When my brain shut down

Do you struggle to remember names and numbers? The writer shares her story.

August 16, 2014 04:12 pm | Updated 04:12 pm IST

Illustration: Satwik Gade

Illustration: Satwik Gade

For as long as I can remember — for much of my adult professional/married life — I have had a problem with dates and years. The problem was simple. I just couldn’t remember them. Be it the year I finished school or graduated or got married, the year my mother died, or even the year of my son’s birth.

Of course it caused much public and private embarrassment. Family gatherings retold stories of how I overshot by two years when the gynaecologist asked me for the year of marriage. “Who forgets things like this?” was the usual popular refrain. This has been the case for around a decade now.

But it wasn’t always like this. I wasn’t brilliant at number crunching, but my memory was as good as any one else’s. So, what then happened in the past decade that caused my brain to auto short-circuit of sorts? I found the answer one hot June morning in Delhi.

“It’s what we call selective shielding/forgetting,” said a senior oncologist at a leading government hospital. I had mentioned the increasing confusion caused by not remembering dates. The humiliation of yet another episode was still fresh. I had stumbled while filling my son’s swimming form. For his year of birth, I wrote 2010 instead of 2008.

When I mentioned this to the doctor, I was hoping that he would say something about reduced brain function due to advancing age. “Too early,” he said, brushing aside my concern and then went straight for the jugular. “Did you lose a parent recently?”

I almost did not hear him complete the sentence. It has been a natural on-off reaction for many years now. The minute parent and death are mentioned together, I tune out; blank out, even. Of course, the social smile remains intact but my brain shuts out every feeling, every memory associated with this event.
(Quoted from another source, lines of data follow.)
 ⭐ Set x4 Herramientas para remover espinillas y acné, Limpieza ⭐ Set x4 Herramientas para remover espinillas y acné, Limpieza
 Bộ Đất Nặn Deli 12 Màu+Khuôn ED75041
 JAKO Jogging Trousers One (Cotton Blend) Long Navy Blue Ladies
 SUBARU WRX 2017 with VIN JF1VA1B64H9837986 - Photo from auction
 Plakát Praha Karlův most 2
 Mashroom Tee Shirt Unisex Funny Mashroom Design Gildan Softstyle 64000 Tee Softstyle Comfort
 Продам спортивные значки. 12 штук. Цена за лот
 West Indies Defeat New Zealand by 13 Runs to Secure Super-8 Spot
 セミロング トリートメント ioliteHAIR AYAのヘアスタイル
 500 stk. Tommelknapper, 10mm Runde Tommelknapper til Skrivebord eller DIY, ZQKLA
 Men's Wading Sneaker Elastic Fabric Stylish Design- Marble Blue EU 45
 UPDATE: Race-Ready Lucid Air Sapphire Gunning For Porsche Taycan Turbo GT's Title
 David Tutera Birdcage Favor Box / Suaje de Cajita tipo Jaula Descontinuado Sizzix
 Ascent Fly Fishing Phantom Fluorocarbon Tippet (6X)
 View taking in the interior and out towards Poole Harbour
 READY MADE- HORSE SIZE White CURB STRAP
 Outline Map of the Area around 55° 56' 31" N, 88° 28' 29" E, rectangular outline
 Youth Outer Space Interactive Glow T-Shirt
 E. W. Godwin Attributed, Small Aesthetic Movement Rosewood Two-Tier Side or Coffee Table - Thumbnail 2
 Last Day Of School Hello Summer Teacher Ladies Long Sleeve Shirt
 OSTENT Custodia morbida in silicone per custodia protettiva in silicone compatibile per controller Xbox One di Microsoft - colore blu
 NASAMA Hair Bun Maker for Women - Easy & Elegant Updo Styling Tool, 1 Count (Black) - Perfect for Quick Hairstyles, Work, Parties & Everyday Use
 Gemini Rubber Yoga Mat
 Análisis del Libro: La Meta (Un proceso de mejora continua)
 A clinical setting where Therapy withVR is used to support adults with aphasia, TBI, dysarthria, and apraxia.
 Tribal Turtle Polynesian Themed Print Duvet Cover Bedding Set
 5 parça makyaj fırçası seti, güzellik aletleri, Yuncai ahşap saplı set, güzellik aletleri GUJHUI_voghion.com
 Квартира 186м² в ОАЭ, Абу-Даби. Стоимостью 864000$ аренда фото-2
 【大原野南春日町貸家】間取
“It is a common symptom among young adults who witness the death of a parent,” explained the doctor, not even waiting for my reply. He had obviously experienced the blank smile before! “The brain simply forgets,” he continued. “Often major events in life are associated with reactions and feelings embedded with the person who matters most to a child. And it is almost always one of the parents. So when a young person witnesses a parent’s death… they begin to shut out these experiences because the emotions associated with it are bewilderingly painful. Some children even complain of chest pain, breathlessness and panic when asked to recall important events in life including marriage, childbirth, marriage of siblings etc. (often deeply associated with parents and home). Unconsciously, you have simply chosen to forget. But the brain may not be able to shutdown completely. So, while you recall these events and celebrations, there are also huge gaps in the memory. Hence the confusion.”

Through his straight talk, I sat petrified. Pain, panic and embarrassment overwhelmed me so I rushed out of the room. “Was my secret so visible?” I wondered.

How I reached my workplace is a mystery. And I did exactly what I have been doing whenever my mother is mentioned. I ran into the nearest washroom, doubled over with pain in the stomach and chest and burst out crying. No sound, no drama, just huge waves of sadness that fill up your inside and rips you apart one layer at a time. The grief lay open raw and the pain supremely unbearable.

What would I have not given at that minute to see her again? It took me back to the year immediately after my mother’s death. I remember driving my Maruti 800 (I had learned to drive around the same time as my parent was dying) and often having to stop at roadsides because I had this unexplainable desire to ram into something. “My mother will see me on the other side,” was my only thought. Then again I remember this gorgeous trip to the Andaman Islands where I went snorkelling. The vastness and stillness of the waters made me want to drift away. The feeling was so strong and overwhelming that had the coach not pulled me up, I would have met my creator or my mother that morning. The desire to end things faded only after my son came home.

And the doctor finally figured out my ‘confusion’ as nothing more than grief… 11 years after my mother died.